Gold rallied in the Friday session leaving a very large bullish candlestick on the chart. We need to see a close above 1239 for us to feel more comfortable with this product. All the indicators that we follow herein are pointing to higher levels. The chart action is positive but needs to see some more follow through and a removal of the 1239 level. So long as 1167 is not removed, we will give the yellow metal the benefit of the doubt to the upside. We also would like to point out that gold has been in rally mode along with the US Dollar which tells us the rally in gold is not based on the value of the currency but rather by demand for the product. We are above the Ichimoku Clouds for the daily time-frame but remain below the clouds for both the weekly and the monthly time-frames. The 5-period exponential moving average is 1212.17. The top of the Bollinger Band is 1229.91 and the lower edge is seen at 1167.19. The uptrend line is at 1170.18. There are several horizontal lines which should be respected. These lines are 1239, a close above which will signal a possible aggressive move to the upside and 1204.20 on the downside which would signal a return to the 1176 -1170 area. The most frequently traded price in the Friday session was 1210 and the highest volume was seen at 1217.50 which had 26.8% of the day's volume. The daily 1% by 3-box point and figure chart has an old downside target of 939.95 and a newer upside target of 1358.30. We have an internal uptrend line and a downtrend line. This chart looks as though we could find support at these levels. The 60 minute 0.2% by 3-box chart is friendly with an upside target of 1235.07. We like gold but need to see better confirmation of its recent upside action.
The US Dollar Index set a new 10 year high this week. You heard right, the last time the Index was at these levels, George W. Bush was just starting his second term, YouTube was in its first year of existence and Saddam Hussein was being put on trial. The Index closed the week at 92.15, pulling back after breaking the high. The Bollinger Bands are currently pointing inward with the lower band at 87.77 and the upper band at 92.87. The 5-period exponential moving average is 91.98, the 20-period simple moving average is 90.32 and the index is above both. The daily chart shows support at the 91.22 level with 90.67 below that. Both indicators that we follow are currently issuing sell signals. At these levels the Index is now in no-man's land and we need to look at a monthly chart to find where overhead resistance lies (an uncommon occurrence)!
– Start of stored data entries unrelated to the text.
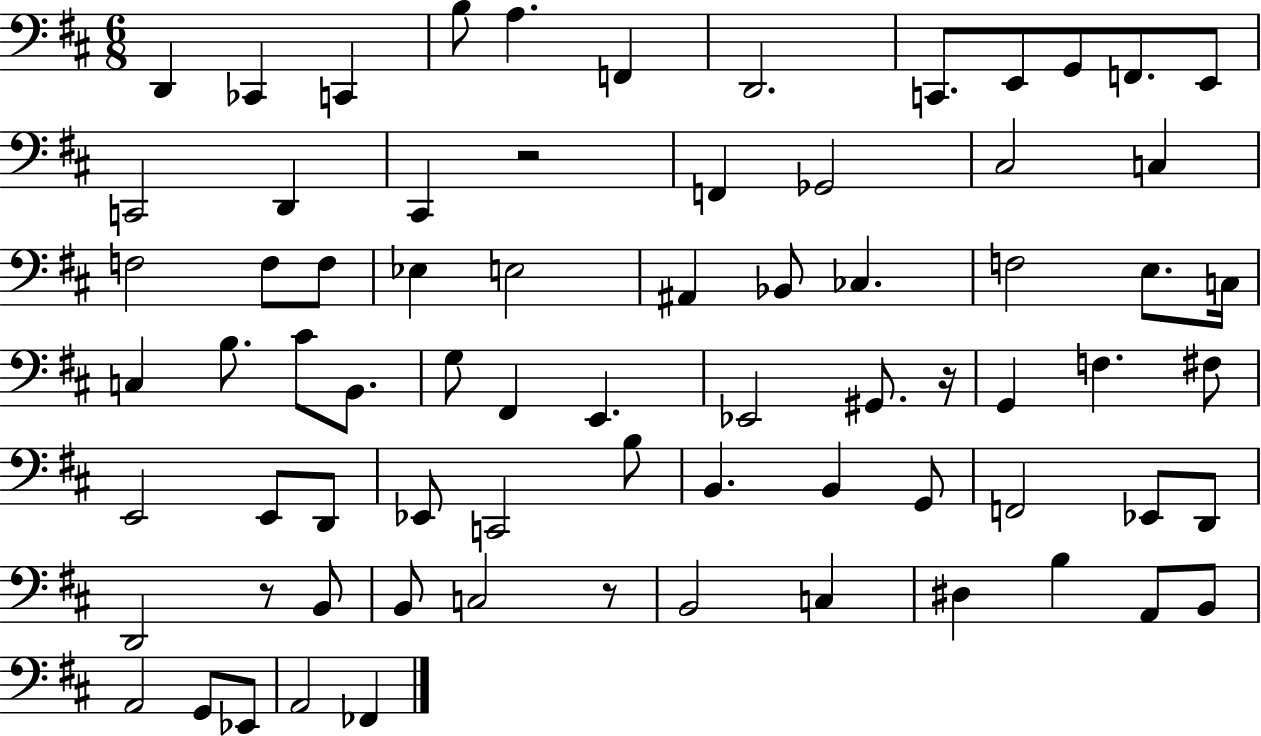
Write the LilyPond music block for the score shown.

{
  \clef bass
  \numericTimeSignature
  \time 6/8
  \key d \major
  \repeat volta 2 { d,4 ces,4 c,4 | b8 a4. f,4 | d,2. | c,8. e,8 g,8 f,8. e,8 | \break c,2 d,4 | cis,4 r2 | f,4 ges,2 | cis2 c4 | \break f2 f8 f8 | ees4 e2 | ais,4 bes,8 ces4. | f2 e8. c16 | \break c4 b8. cis'8 b,8. | g8 fis,4 e,4. | ees,2 gis,8. r16 | g,4 f4. fis8 | \break e,2 e,8 d,8 | ees,8 c,2 b8 | b,4. b,4 g,8 | f,2 ees,8 d,8 | \break d,2 r8 b,8 | b,8 c2 r8 | b,2 c4 | dis4 b4 a,8 b,8 | \break a,2 g,8 ees,8 | a,2 fes,4 | } \bar "|."
}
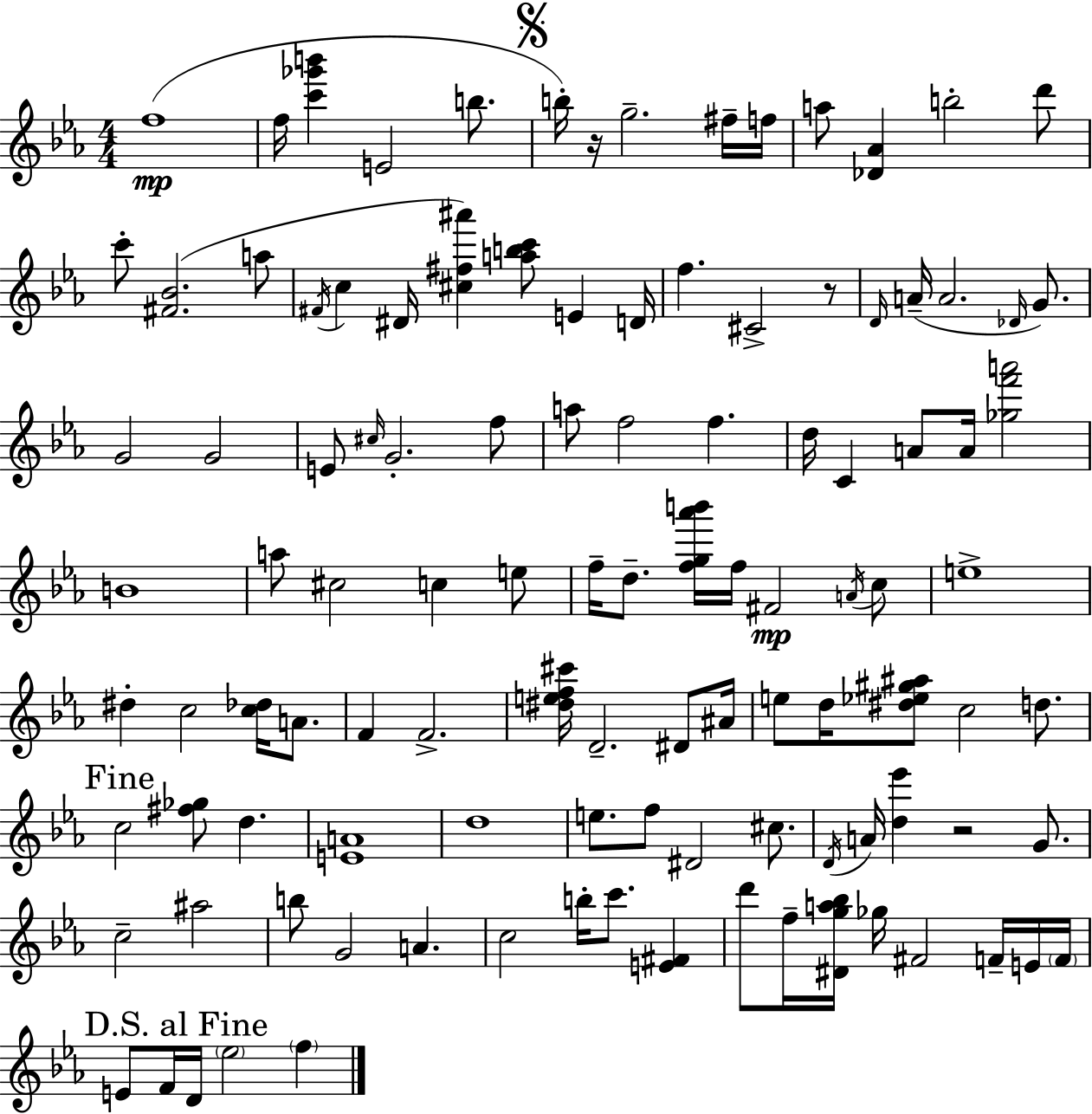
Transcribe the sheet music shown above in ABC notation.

X:1
T:Untitled
M:4/4
L:1/4
K:Cm
f4 f/4 [c'_g'b'] E2 b/2 b/4 z/4 g2 ^f/4 f/4 a/2 [_D_A] b2 d'/2 c'/2 [^F_B]2 a/2 ^F/4 c ^D/4 [^c^f^a'] [abc']/2 E D/4 f ^C2 z/2 D/4 A/4 A2 _D/4 G/2 G2 G2 E/2 ^c/4 G2 f/2 a/2 f2 f d/4 C A/2 A/4 [_gf'a']2 B4 a/2 ^c2 c e/2 f/4 d/2 [fg_a'b']/4 f/4 ^F2 A/4 c/2 e4 ^d c2 [c_d]/4 A/2 F F2 [^def^c']/4 D2 ^D/2 ^A/4 e/2 d/4 [^d_e^g^a]/2 c2 d/2 c2 [^f_g]/2 d [EA]4 d4 e/2 f/2 ^D2 ^c/2 D/4 A/4 [d_e'] z2 G/2 c2 ^a2 b/2 G2 A c2 b/4 c'/2 [E^F] d'/2 f/4 [^Dga_b]/4 _g/4 ^F2 F/4 E/4 F/4 E/2 F/4 D/4 _e2 f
Here we can see the next point of resistance is 94.40, a ways away. The 30 minute 0.05 x 3 point and figure chart shows though the index is in an uptrend, an internal uptrend line has been broken and a countertrend internal trendline has formed. We have an activated downside target of 91.17. At this level, the index might pull back, very slightly, and may have found its new home.
Trading Futures, Options on Futures, and retail off-exchange foreign currency transactions involves substantial risk of loss and is not suitable for all investors. You should carefully consider whether trading is suitable for you in light of your circumstances, knowledge, and financial resources. You may lose all or more of your initial investment.